» **ACTIVITY**
Leave the pictures aside and copy all the data exactly.

» **INFORMATION SUPPLIED**
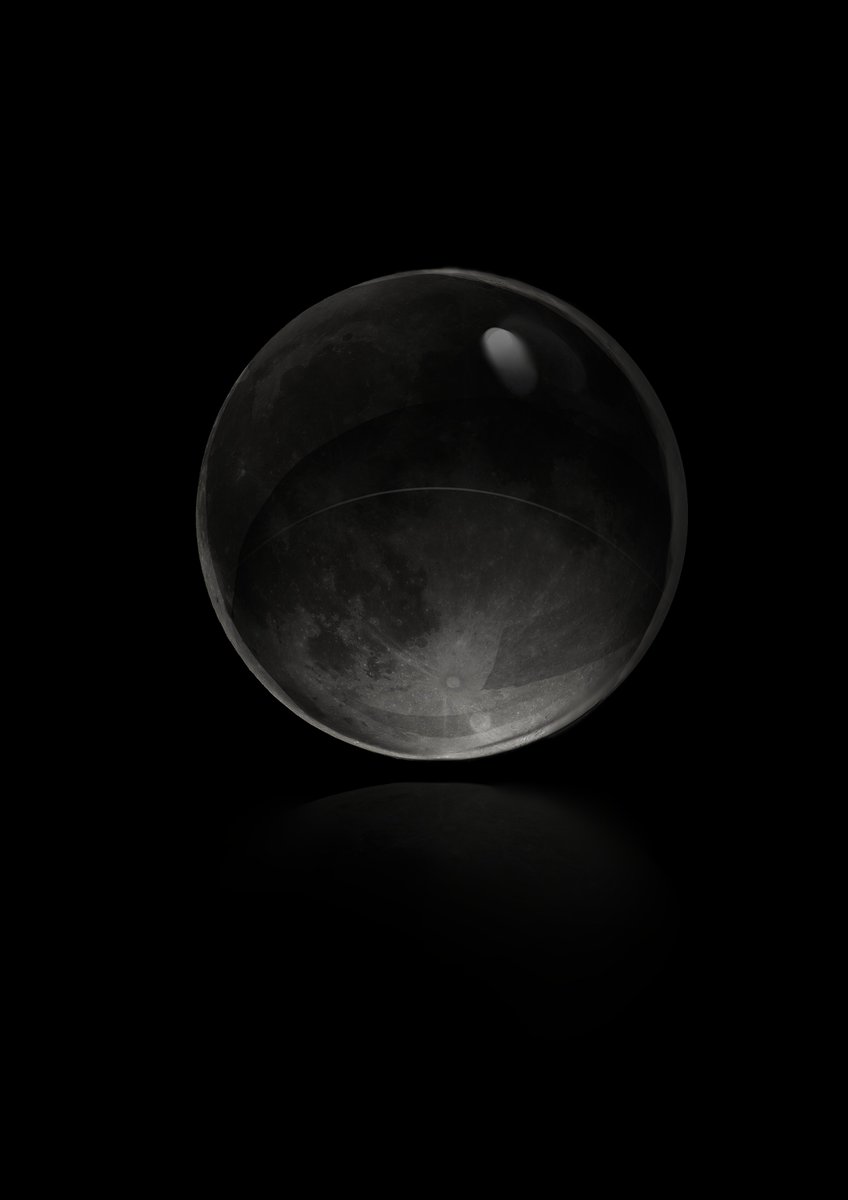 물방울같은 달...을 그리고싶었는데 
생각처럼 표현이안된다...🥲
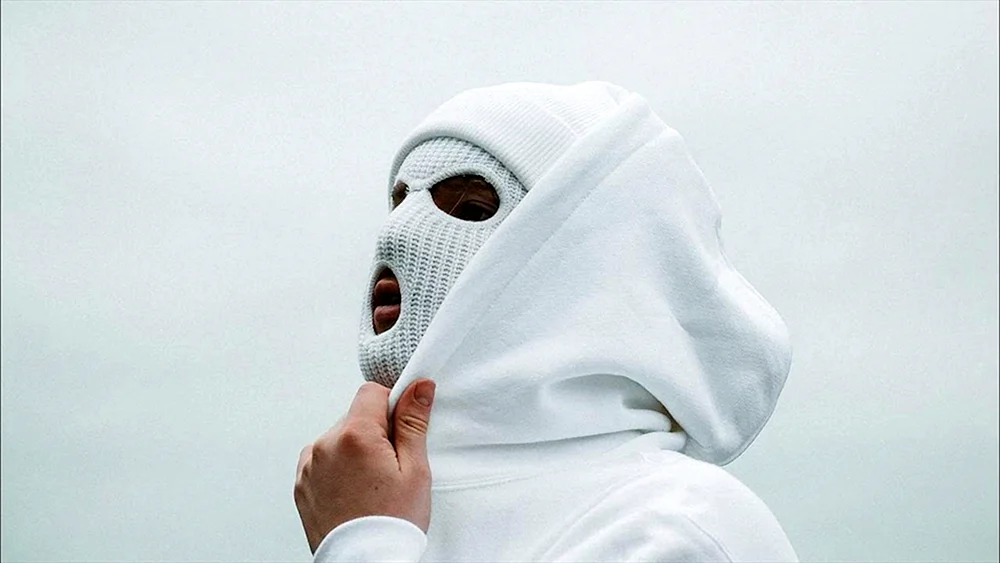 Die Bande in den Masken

» **OUTPUT BELOW**
 물방울같은 달...을 그리고싶었는데 
생각처럼 표현이안된다...🥲
 Die Bande in den Masken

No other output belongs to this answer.